## Cell 1: Import Libraries and Set Up Faker

In [1]:
import pandas as pd
import numpy as np
from faker import Faker
import random

faker = Faker()



Imports everything needed for data creation and randomization. Faker helps generate realistic names and dates.

## Cell 2: Create the Student Table DataFrame

In [2]:
# Generate 1000 students
students = []
for i in range(1, 1001):
    students.append({
        'student_id': i,
        'first_name': faker.first_name(),
        'last_name': faker.last_name(),
        'gender': random.choice(['Male', 'Female', 'Other']),
        'year_of_study': random.randint(1, 4),
        'date_of_birth': faker.date_of_birth(minimum_age=18, maximum_age=32),
        'gpa': round(random.uniform(2.0, 4.0), 2) if random.random() > 0.03 else None # 3% missing
    })
students_df = pd.DataFrame(students)


Creates 1000 student records with randomized info. 3% of GPAs are deliberately missing for realism.

## Cell 3: Create the Courses Table DataFrame

In [3]:
# At least 10 courses for varied enrollment. Adjust as needed.
course_names = [
    'Mathematics', 'Physics', 'Programming', 'History', 'Biology',
    'Chemistry', 'Economics', 'English', 'Psychology', 'Statistics',
    'Music', 'Art'
]
courses = []
for i, name in enumerate(course_names, 1):
    courses.append({
        'course_id': i,
        'course_name': name,
        'credits': random.choice([3, 4, 5]),
        'level': random.choice([100, 200, 300, 400])
    })
courses_df = pd.DataFrame(courses)


Creates at least 10 distinct courses for enrollment variety. Adjust/add more for extra realism.

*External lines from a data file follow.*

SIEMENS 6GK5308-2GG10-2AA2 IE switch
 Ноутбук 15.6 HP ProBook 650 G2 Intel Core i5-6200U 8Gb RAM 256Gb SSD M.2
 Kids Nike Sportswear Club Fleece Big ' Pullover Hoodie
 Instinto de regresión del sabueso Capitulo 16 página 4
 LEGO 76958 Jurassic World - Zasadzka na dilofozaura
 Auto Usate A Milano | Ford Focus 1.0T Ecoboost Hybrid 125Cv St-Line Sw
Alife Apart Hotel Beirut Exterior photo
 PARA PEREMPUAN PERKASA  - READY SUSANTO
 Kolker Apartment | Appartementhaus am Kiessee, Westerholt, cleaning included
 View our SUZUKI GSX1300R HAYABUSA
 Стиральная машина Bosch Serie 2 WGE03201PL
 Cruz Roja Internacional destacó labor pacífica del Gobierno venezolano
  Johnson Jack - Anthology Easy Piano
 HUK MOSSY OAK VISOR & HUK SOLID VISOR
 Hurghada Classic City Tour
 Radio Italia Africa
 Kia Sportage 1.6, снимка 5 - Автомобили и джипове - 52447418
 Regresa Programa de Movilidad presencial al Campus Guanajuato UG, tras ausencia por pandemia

## Cell 4: Create the Enrollments Table DataFrame

In [4]:
# Enroll each student in 3–7 unique courses each
grades = ['A', 'B', 'C', 'D', 'F']
semesters = ['Fall 2025', 'Spring 2026']
enrollments = []

course_id_list = courses_df['course_id'].tolist()
min_courses = 3
max_courses = min(7, len(course_id_list))  # Avoid sample larger than course list

for student in students_df['student_id']:
    num_courses = random.randint(min_courses, max_courses)
    chosen_courses = random.sample(course_id_list, k=num_courses)
    for course in chosen_courses:
        sem = random.choice(semesters)
        enrollments.append({
            'student_id': student,
            'course_id': course,
            'semester': sem,
            'grade': random.choice(grades) if random.random() > 0.03 else None,  # 3% missing
            'attendance_rate': round(random.uniform(60, 100), 2)
        })

enrollments_df = pd.DataFrame(enrollments)


Each student is assigned to 3–7 courses without exceeding the total number of courses. Grades and attendance are randomized. 3% of grades are missing.

## Cell 5 : Export to CSV for SQLite Import

In [5]:
students_df.to_csv('students.csv', index=False)
courses_df.to_csv('courses.csv', index=False)
enrollments_df.to_csv('enrollments.csv', index=False)


 Exports the generated tables as CSV files for easy import into SQLite.